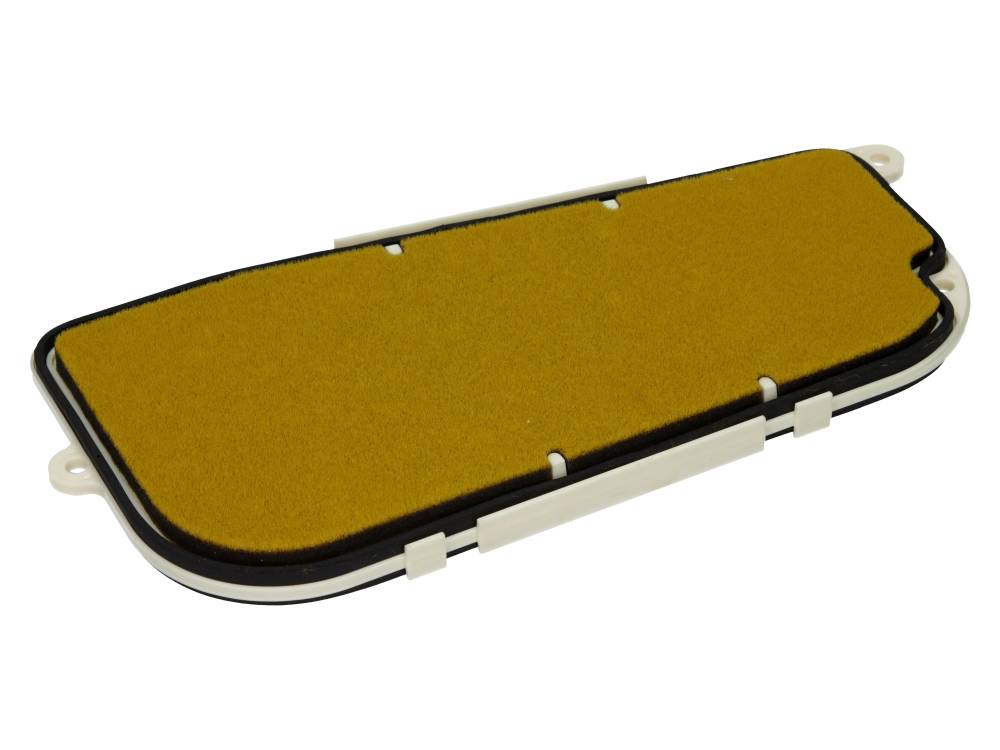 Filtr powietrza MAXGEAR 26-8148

# # #

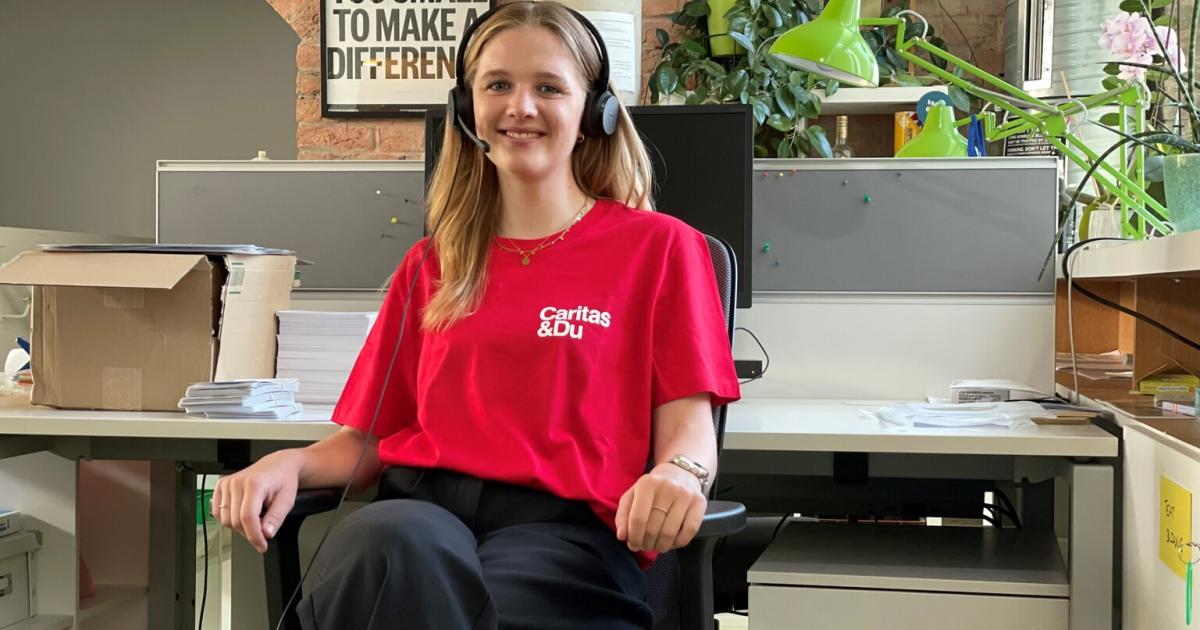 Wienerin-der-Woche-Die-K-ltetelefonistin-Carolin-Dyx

# # #

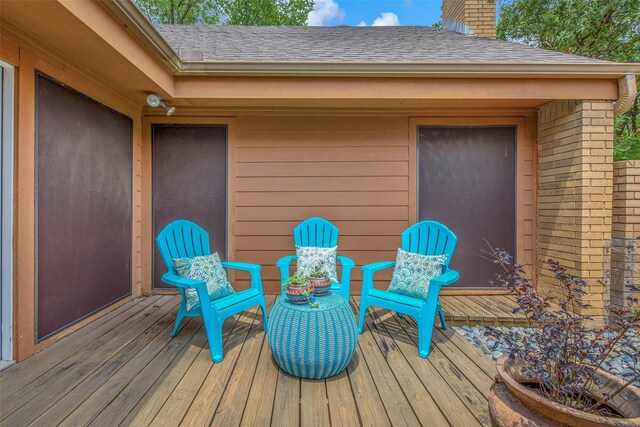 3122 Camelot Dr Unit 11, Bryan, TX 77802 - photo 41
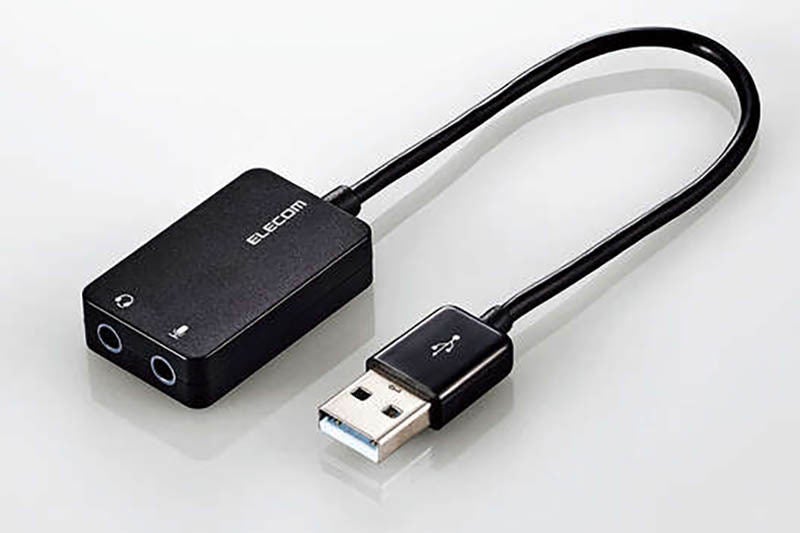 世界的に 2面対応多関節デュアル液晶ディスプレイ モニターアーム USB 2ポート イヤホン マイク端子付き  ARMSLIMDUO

# # #

- **TRY IT**: Could you output exactly the lines above, from the line with "3122 Camelot Dr" up to and including the line with "世界的に 2面対応多関節デュアル液晶ディスプレイ モニターアーム", and nothing else, skipping the pictures?

- **RESPONSE TO THE TASK**:
 3122 Camelot Dr Unit 11, Bryan, TX 77802 - photo 41
 世界的に 2面対応多関節デュアル液晶ディスプレイ モニターアーム USB 2ポート イヤホン マイク端子付き  ARMSLIMDUO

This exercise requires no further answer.